Elaborating on her production approaches, she says, “Psychically, I’m obsessed with people like Lee ‘Scratch’ Perry or J Dilla, where all of the effects are tactile. What I find exciting is making big decisions and then printing things, or the sound of something. ’Cause then it’s like you’re building a house on rock rather than sand,” she shares, referring to recording effects with the raw audio signal, as opposed to applying them after the signal is tracked, or in post-production. After further reflection, she concludes, “I think producing the album myself was like managing various egos, but all of the egos were in my own brain.”
We’ve been chatting for about half an hour, and St. Vincent mentions that she brought some snacks, if I want any. (I politely decline, as I’d rather not hear chewing on the recording of the interview when I listen back.) When I presume that she must have a strong sense of self-actualization at this point in her career, she gently counters, “But, I think, you don’t get the confidence without walking through some fire of self-doubt. As I grow more proficient, have more expertise, or get better at my instrument in various ways, music as a whole is more mysterious, mystical, and otherworldly than ever,” she adds. “So, understanding that feels more like it’s receding in a beautiful way, or opening in a beautiful way, while … ‘Okay, great, I know how to compress this better.’”
“What album of yours, excluding All Born Screaming, do you feel the most proud of?”
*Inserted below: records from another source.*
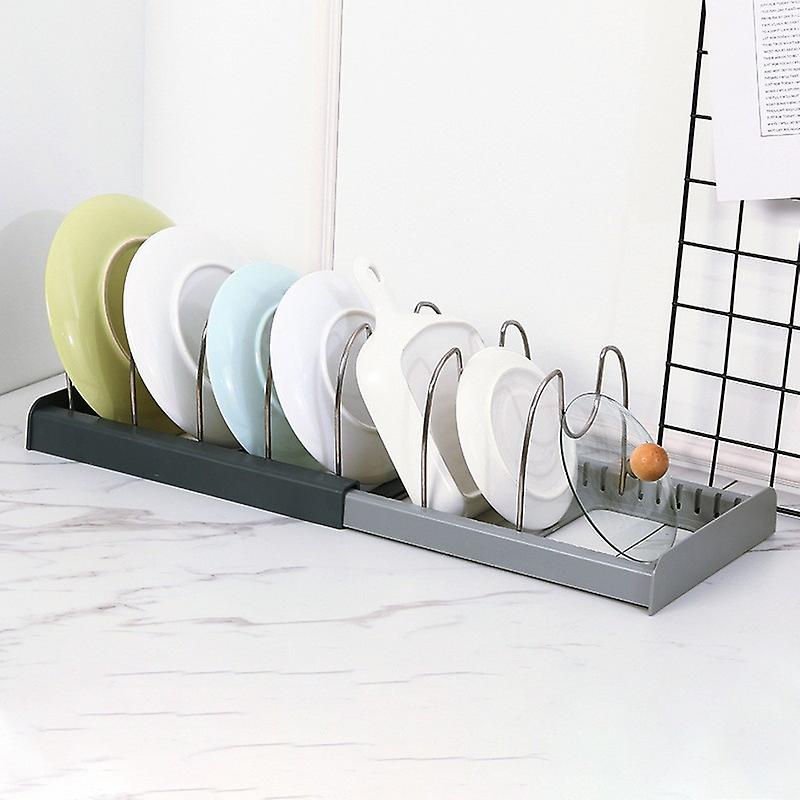 Expandable Pot and Pan Organizer Rack for Cabinet Pot Lid Organizer Holder Cutting Board Cookware Rack Organizer for Cabinet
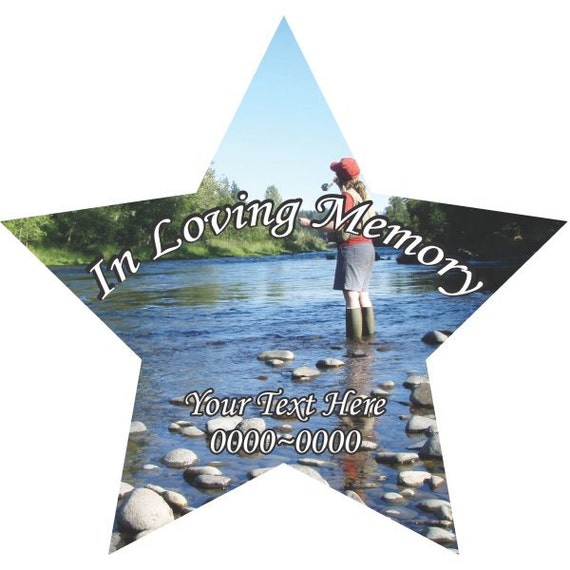 Download Fishing 02 In Loving Memory Full Color Star Shape 005 Custom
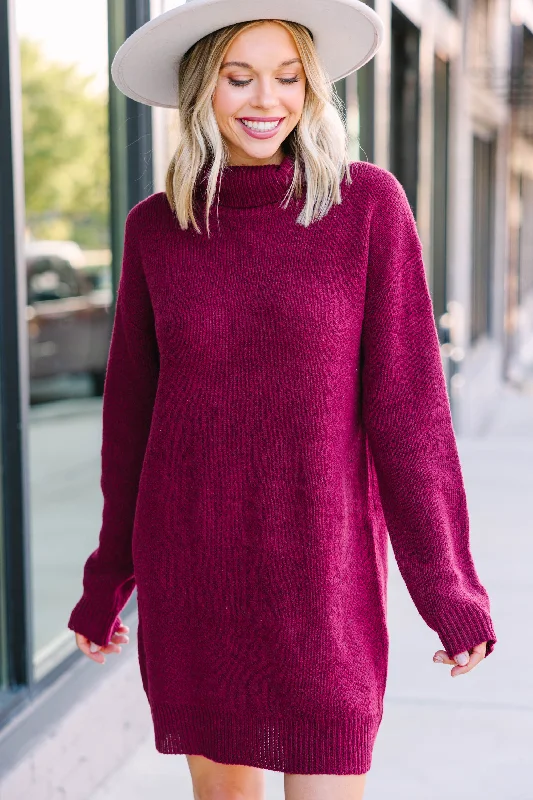 What Goes Around Lave Red Sweater Dress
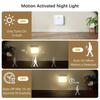 Motion Sensor Led Night Light Square Wireless Wall Magnetic Warm White/Cool White Usb Rechargeable Smart Hallway Bedside Cabinet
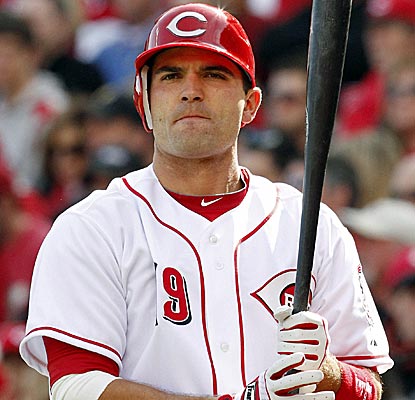 After signing a huge $225M contract extension, Joey Votto opens the year by going 1 for 3 with a single.  (US Presswire)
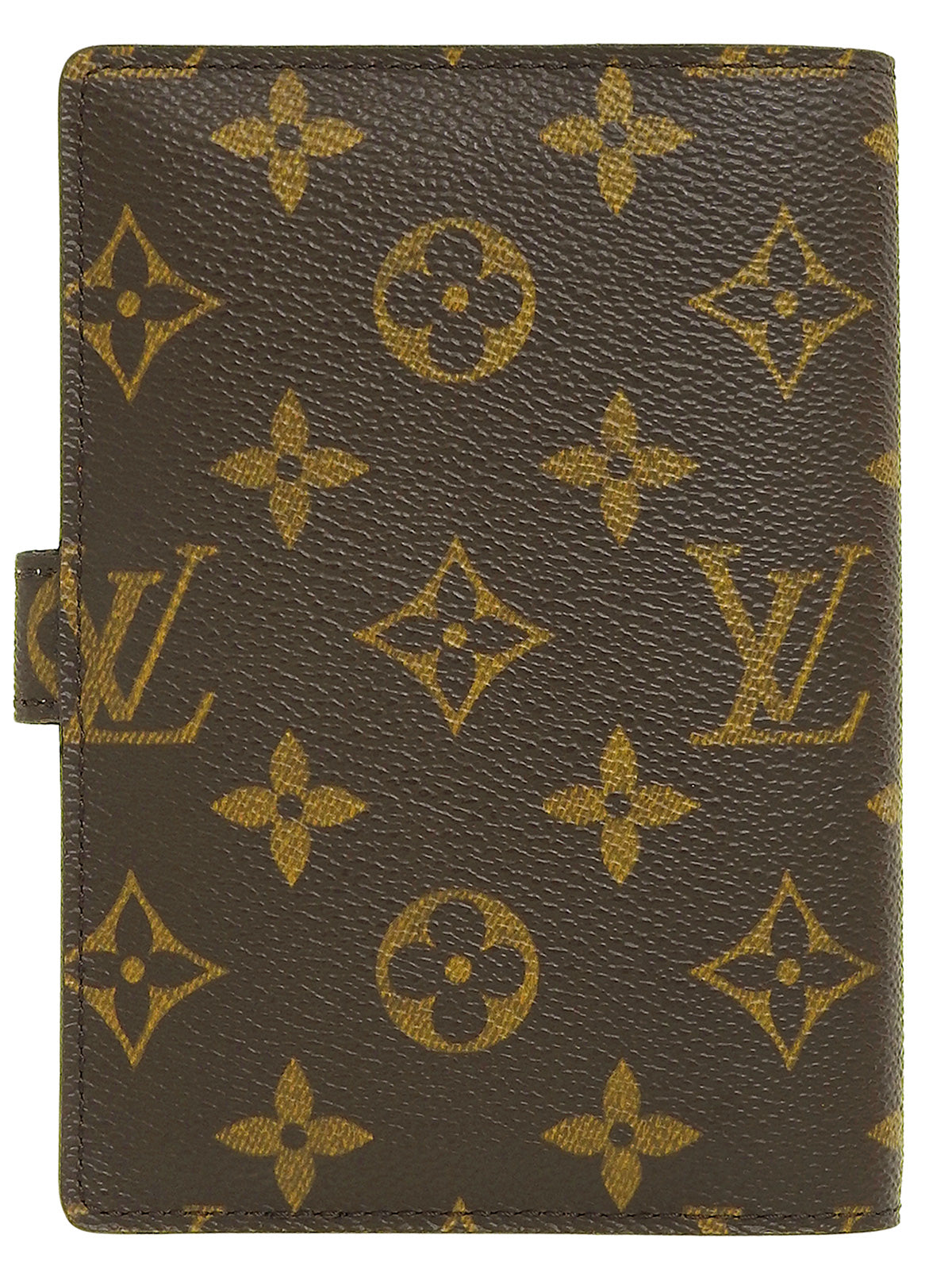 2002 Canvas Monogram Agenda Brown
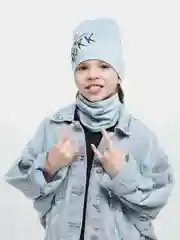 Багровый шапка детская, комплект детский, комплект осенний, комплект для мальчика и девочки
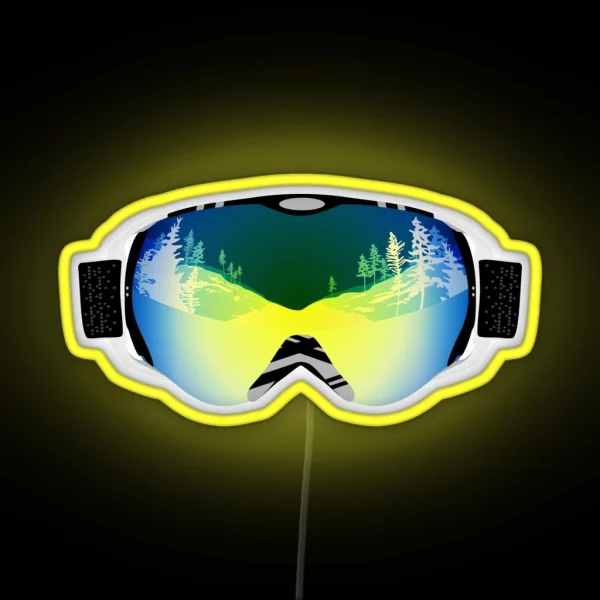 Ski Goggles RGB Neon Sign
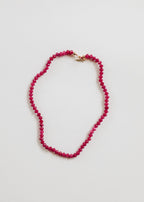 Pink Jade + 14k Gold Filled Toggle || Gemstone Necklace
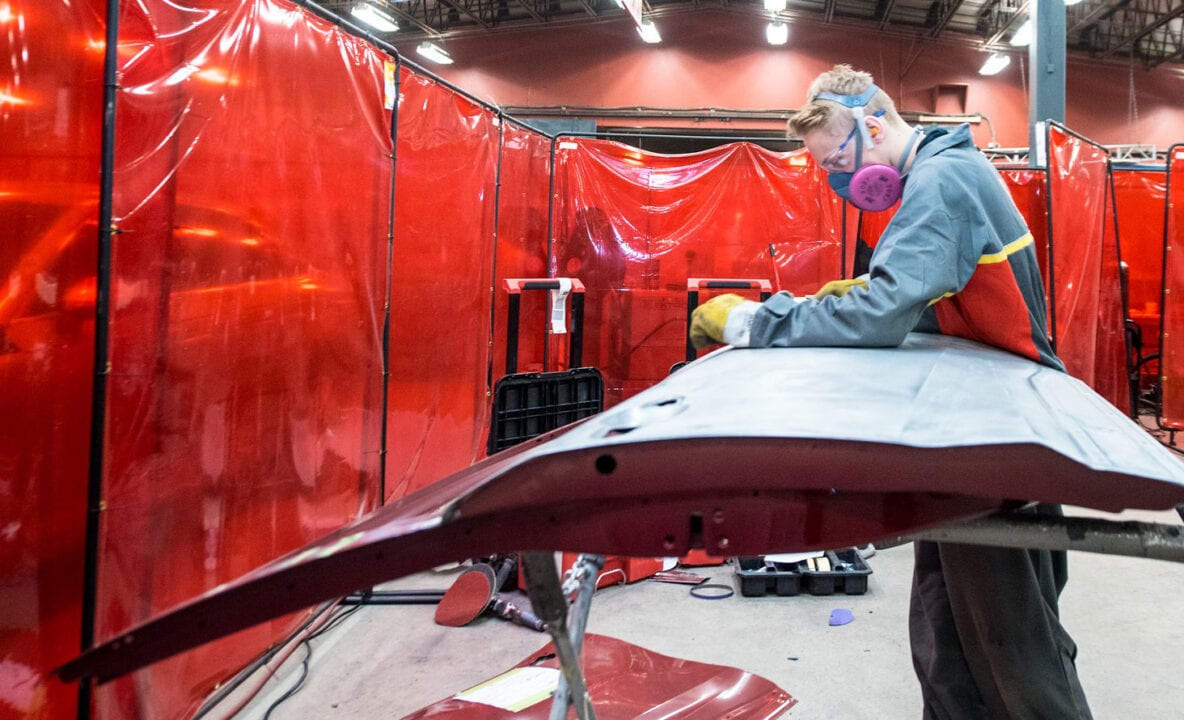 technician working on a project
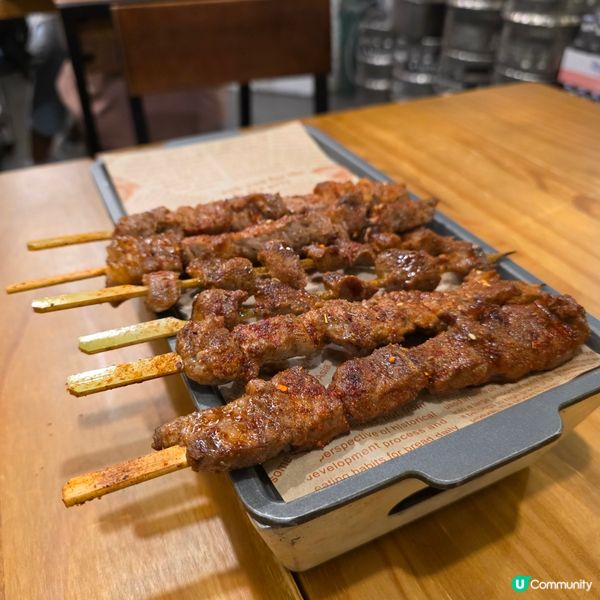 旺角串燒陣🍻啖啖肉！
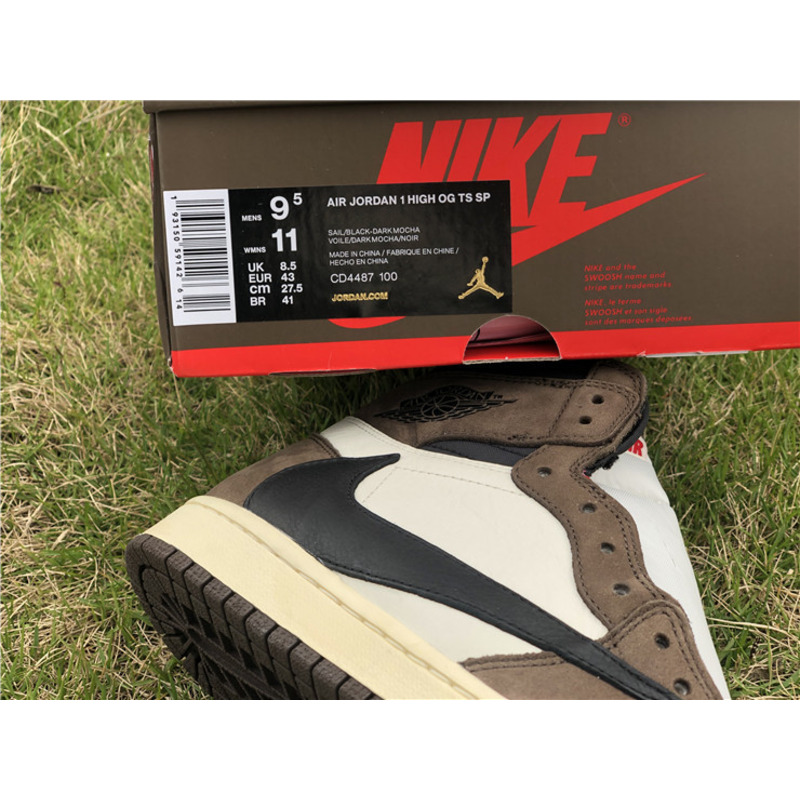 TS x Air Jordan 1 CD4487 100 Sneakers Men Women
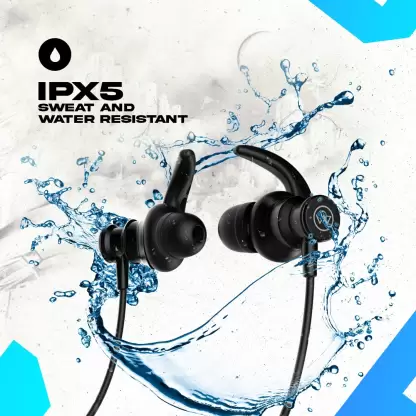 WINGS Phantom 110 Neckband, LED , 20 hrs Playtime, 50ms Low Latency Headphones Bluetooth Headset (Black, In the Ear) WINGS Phantom 110 Neckband, LED , 20 hrs Playtime, 50ms Low Latency Headphones Bluetooth Headset (Black, In the Ear)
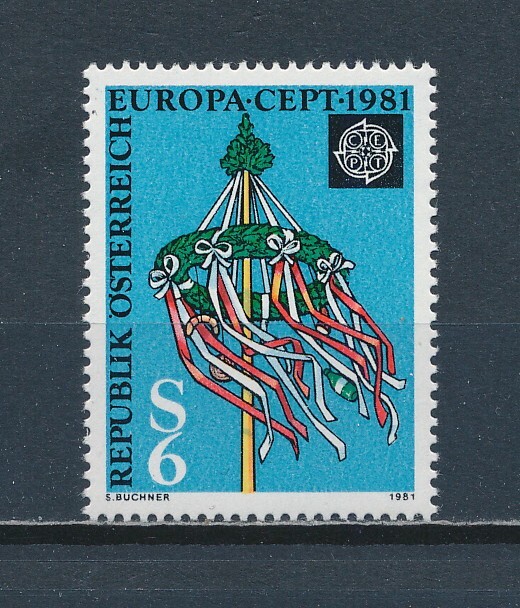 Austria   1178 MNH, Maypole, 1981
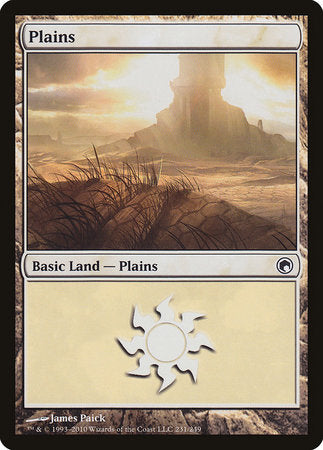 Plains (231) [Scars of Mirrodin] | The Time Vault CA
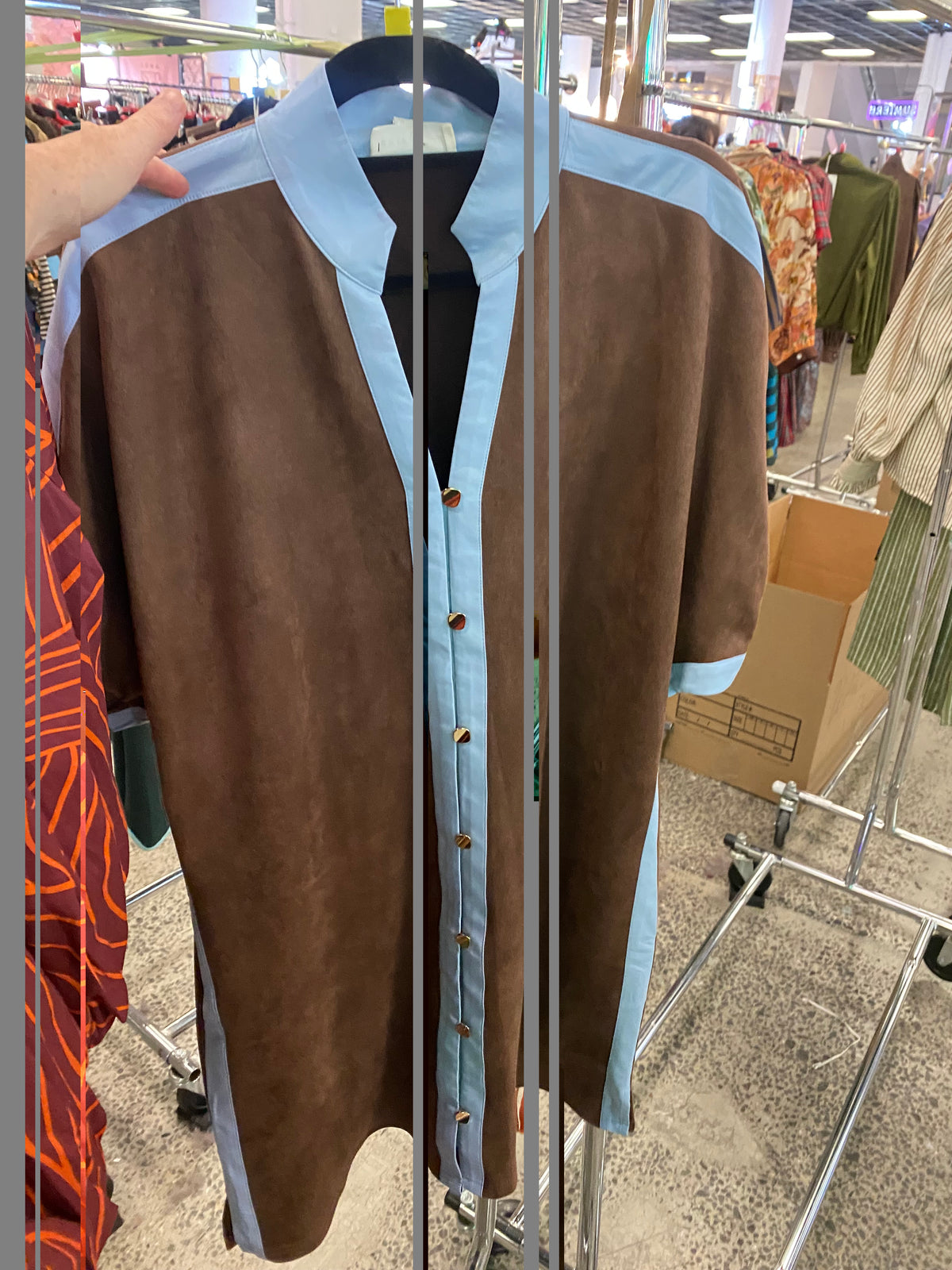 Brown/Blue Dress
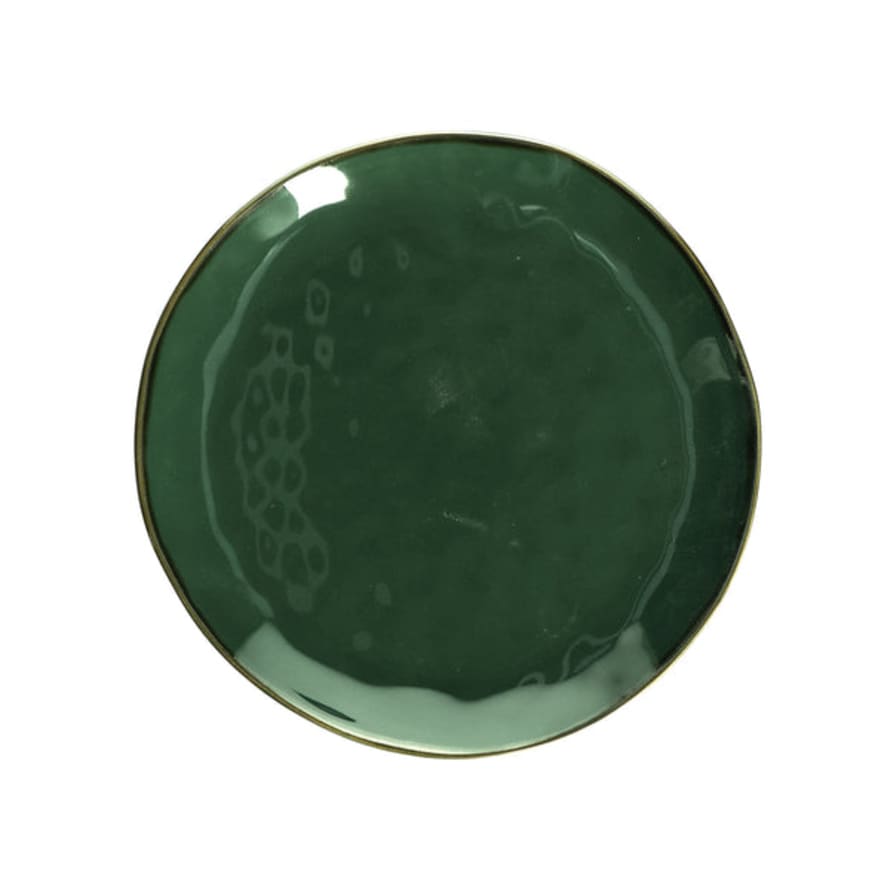 Rose & Tulipani Concerto Dinner Plate 27cm - Forest Green
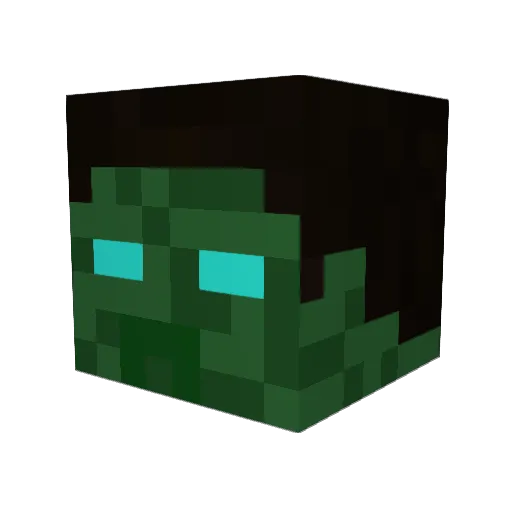 St4ndart Minecraft avatar head, 3D render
“Because I’m putting a set list together [for the All Born Screaming tour], I went back and listened to Strange Mercy. There are moments on that, tracks like ‘Surgeon,’ that I’m like, ‘Fuck yeah! That rips! I had no idea!’” she exclaims. “And that’s not always the case. You go back to certain songs, and you’re like, ‘Uh, I’m not sure I executed the vision here, or if this was … a good vision to have.’ But yeah, because I was so broken and bereft at that particular period of life.... I think you can hear it.”
St. Vincent's Gear
This shot was taken a year before the release of St. Vincent’s 2015 self-titled album, where she wore a hairstyle similar to this one on the cover. It was also four years before her signature Ernie Ball Music Man guitar debuted.
Photo by Tim Bugbee/tinnitus photography
Guitars
- Ernie Ball St. Vincent signature models
Amps
- Marshall 1974X
- Roland JC-40
Strings & Picks
- Ernie Ball Regular Slinky (.010–.046)
- Ernie Ball Nylon Light
Effects
- Rig controlled by RJM Mastermind and Gizmo loop switchers
- Hologram Chroma Console
- Empress Echosystem
- Universal Audio Golden Reverberator
- Electro-Harmonix Small Clone
- Malekko Diabilik
- EarthQuaker Rainbow Machine
- Boss VB-2 Vibrato
- JHS Colour Box
- Fulltone Distortion Pro
- Ibanez Modulation Delay II
- Boss SY-200
- ZVEX Fat Fuzz Factory
- Chase Bliss Mood
- Chase Bliss Habit
“You told The Guardianrecently, ‘Artists and songwriters are in some way writing about the same thing over and over again: sex, death, love.’ Do you have any other thoughts on that?” I ask.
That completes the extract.